** EXERCISE INPUT follows **

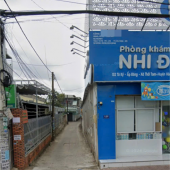 CHO THUÊ MẶT BẰNG 152 Tô Ký, Đông Thạnh, TP.HCM (150m2)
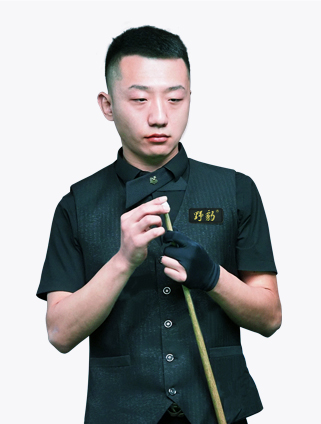 YEBAO команда профи GUO LI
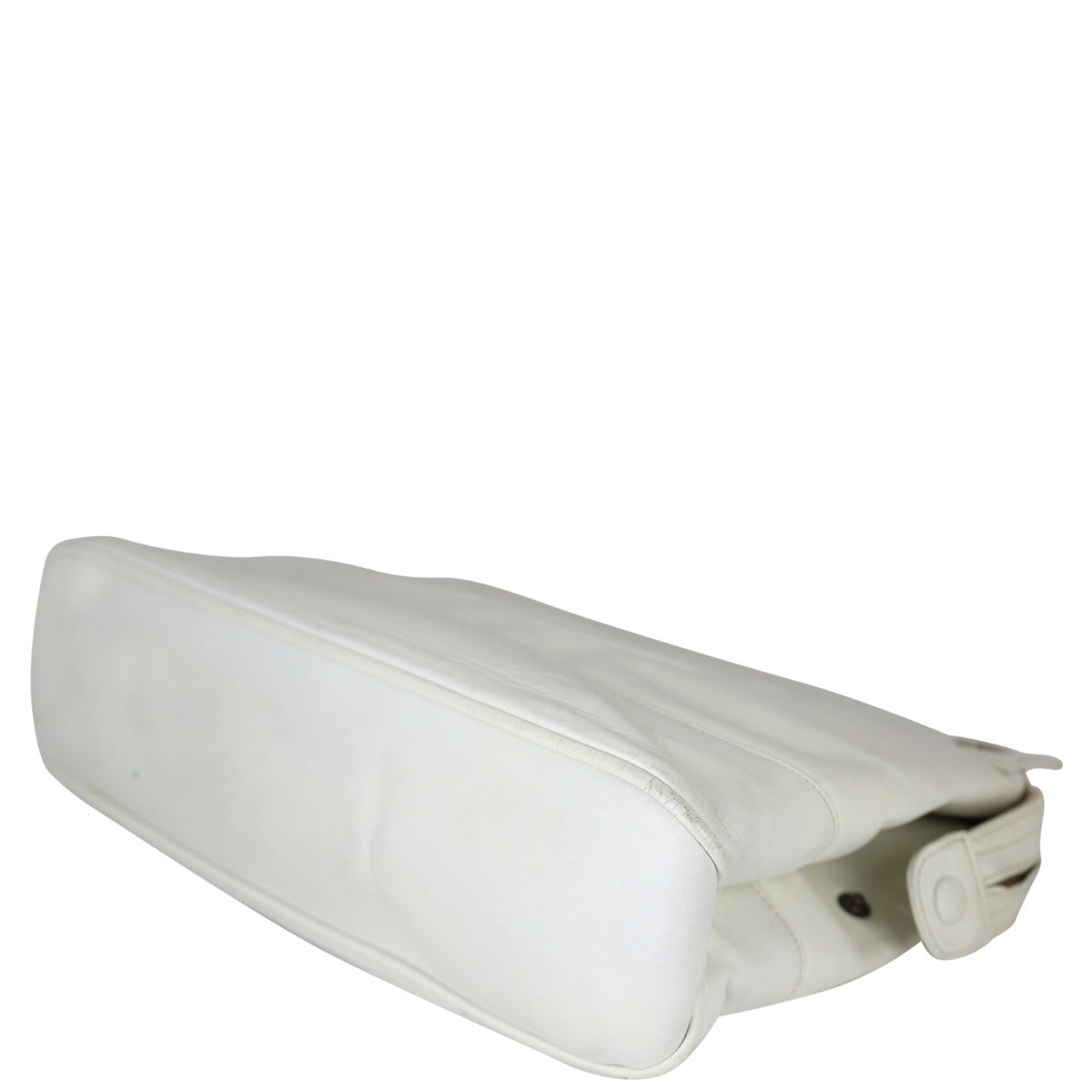 Chanel Vintage Timeless CC Tote Corner Distance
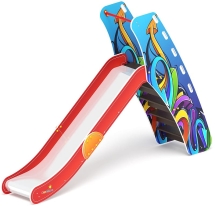 Горка средняя - ИО 41.01.07-01 - (Граффити) H=1200 Горка средняя - ИО 41.01.07-01 - (Граффити) H=1200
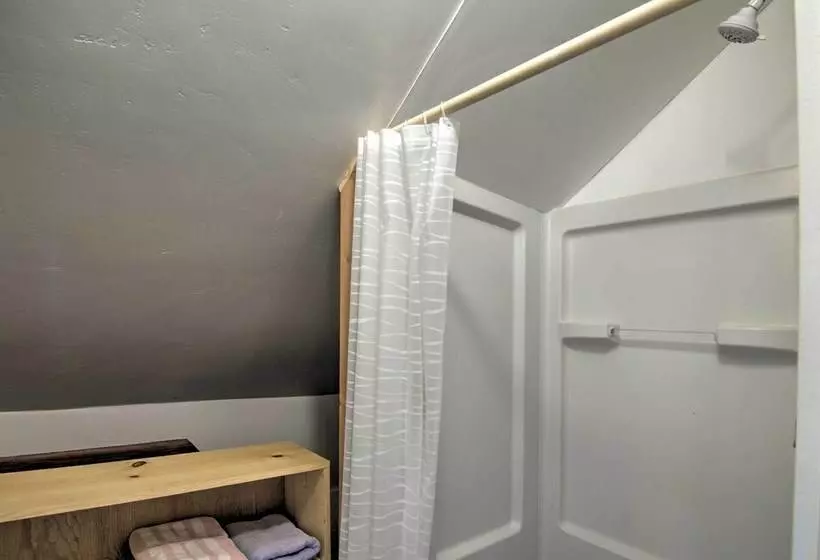 Cozy Henrieville Cabin: 18 Mi To Bryce Canyon Np!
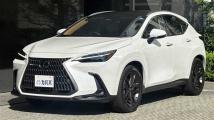 2025 Lexus NX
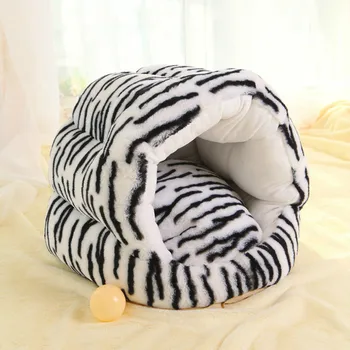 Half Closed Cat House - Cat Tent Cat Beds for Indoor Cats Cave Bed Warm Soft Pet Cat House Semi-Closed Shaped Pet Nest
Half Closed Cat House - Cat Tent Cat Beds for Indoor Cats Cave Bed Warm Soft Pet Cat House Semi-Closed Shaped Pet Nest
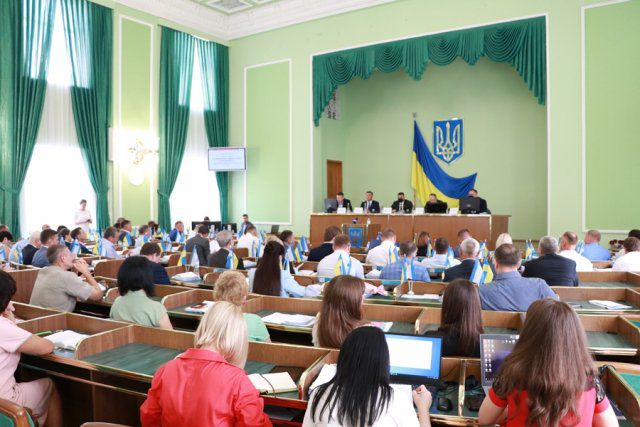 Кадровые вопросы: Виктор Меренков возглавит Херсонскую специальную школу, Михаил Рябуха - Херсонский лицей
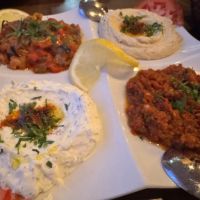 Fasil Mediterranean Restaurant ico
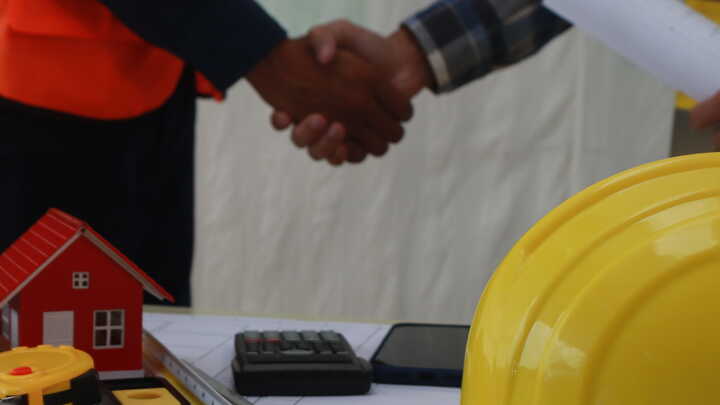 structural survey 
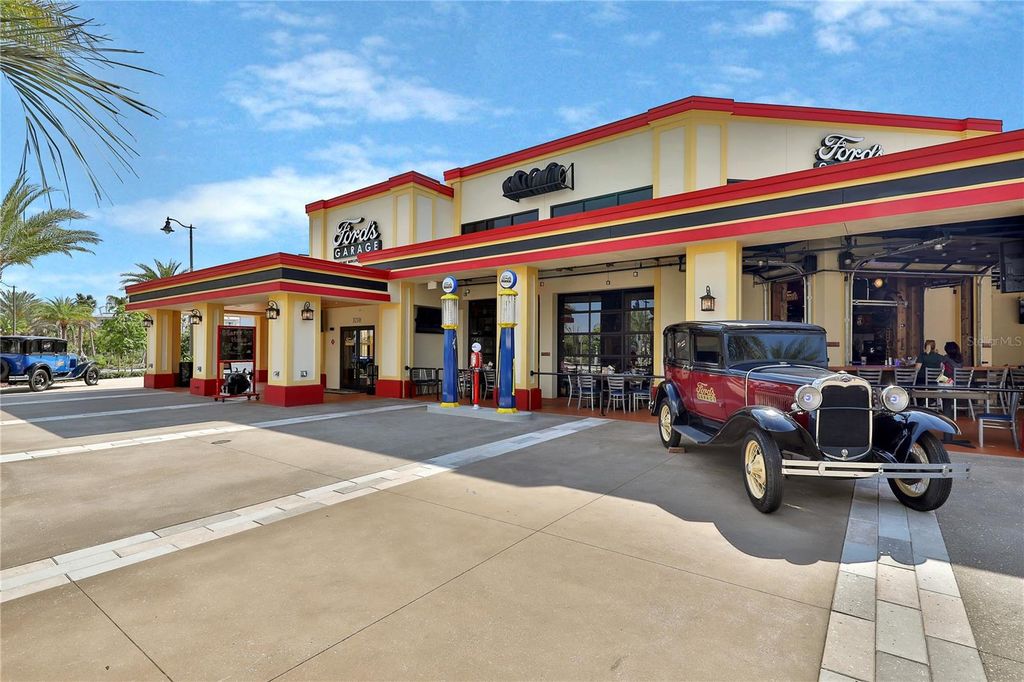 Image 68 of property listing at 2968 SALTED RIM ROAD, Kissimmee, FL 34747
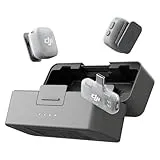 DJI Mic Mini 2 (2TX+1モバイルRX+充電ケース) DMM532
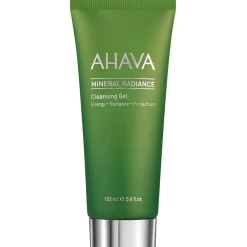 AHAVA Hagel Nature|Gesicht|Mineral Radiance Cleansing Gel 100 ml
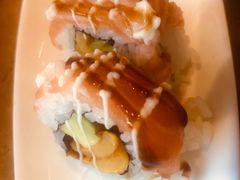 -雅玛花式铁板烧餐厅(好运街店)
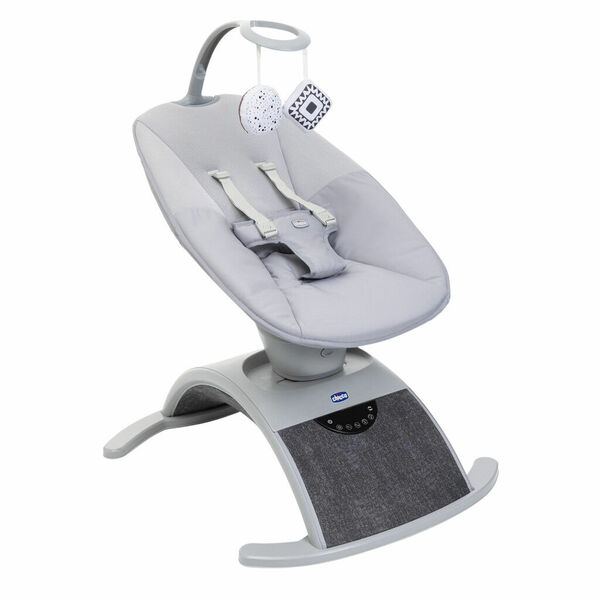 Chicco Lehátko inteligentní multifunkční ComfyWave 8v1 0m+ porovnat ceny
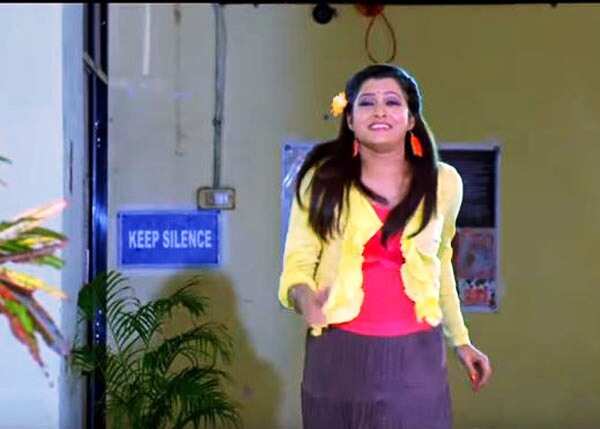Nisha Parulekar Wallpapers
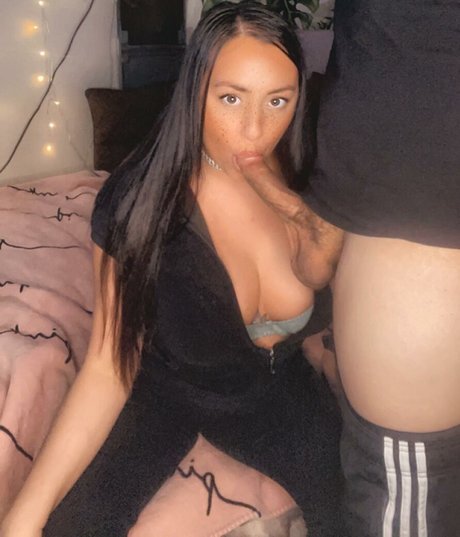 Foto di nudo di fuga di OnlyFans di Cleokittyx3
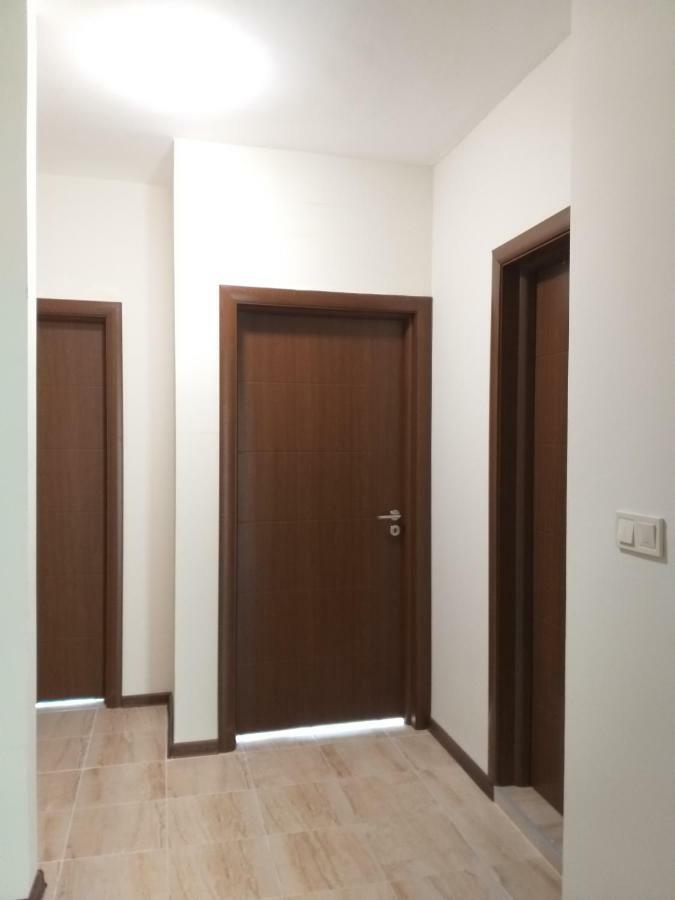 Апарт отель Vesta Riviera - Free Parking Золотые Пески Экстерьер фото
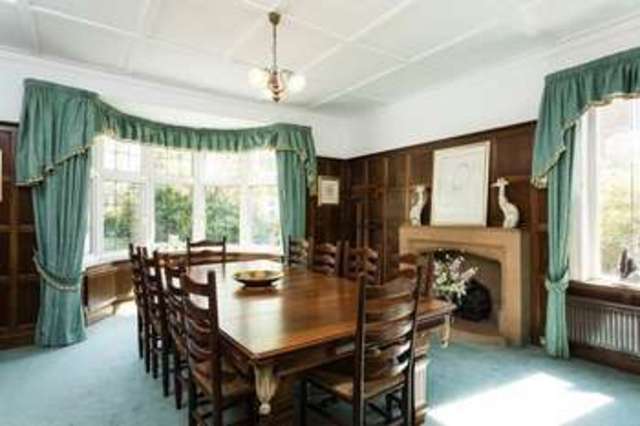  Image of 4 bedroom Detached house for sale in Main Street Fulford York YO10 at Main Street Fulford York, YO10 4PS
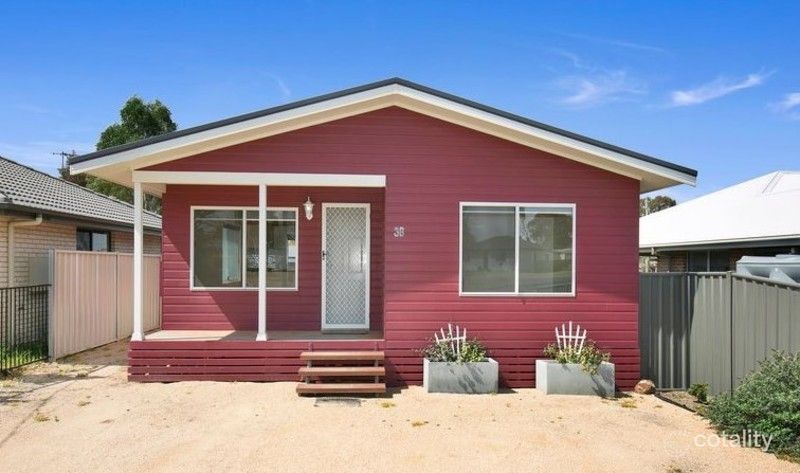 3b Dumaresq St, Uralla, NSW 2358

** End of EXERCISE INPUT **

PROBLEM TO SOLVE » Quote everything in the listing above exactly; pictures are the only thing to omit.

WRITTEN RESPONSE »
 CHO THUÊ MẶT BẰNG 152 Tô Ký, Đông Thạnh, TP.HCM (150m2)
 YEBAO команда профи GUO LI
 Chanel Vintage Timeless CC Tote Corner Distance
 Горка средняя - ИО 41.01.07-01 - (Граффити) H=1200 Горка средняя - ИО 41.01.07-01 - (Граффити) H=1200
 Cozy Henrieville Cabin: 18 Mi To Bryce Canyon Np!
 2025 Lexus NX
 Half Closed Cat House - Cat Tent Cat Beds for Indoor Cats Cave Bed Warm Soft Pet Cat House Semi-Closed Shaped Pet Nest
Half Closed Cat House - Cat Tent Cat Beds for Indoor Cats Cave Bed Warm Soft Pet Cat House Semi-Closed Shaped Pet Nest
 Кадровые вопросы: Виктор Меренков возглавит Херсонскую специальную школу, Михаил Рябуха - Херсонский лицей
 Fasil Mediterranean Restaurant ico
 structural survey 
 Image 68 of property listing at 2968 SALTED RIM ROAD, Kissimmee, FL 34747
 DJI Mic Mini 2 (2TX+1モバイルRX+充電ケース) DMM532
 AHAVA Hagel Nature|Gesicht|Mineral Radiance Cleansing Gel 100 ml
 -雅玛花式铁板烧餐厅(好运街店)
 Chicco Lehátko inteligentní multifunkční ComfyWave 8v1 0m+ porovnat ceny
Nisha Parulekar Wallpapers
 Foto di nudo di fuga di OnlyFans di Cleokittyx3
 Апарт отель Vesta Riviera - Free Parking Золотые Пески Экстерьер фото
  Image of 4 bedroom Detached house for sale in Main Street Fulford York YO10 at Main Street Fulford York, YO10 4PS
 3b Dumaresq St, Uralla, NSW 2358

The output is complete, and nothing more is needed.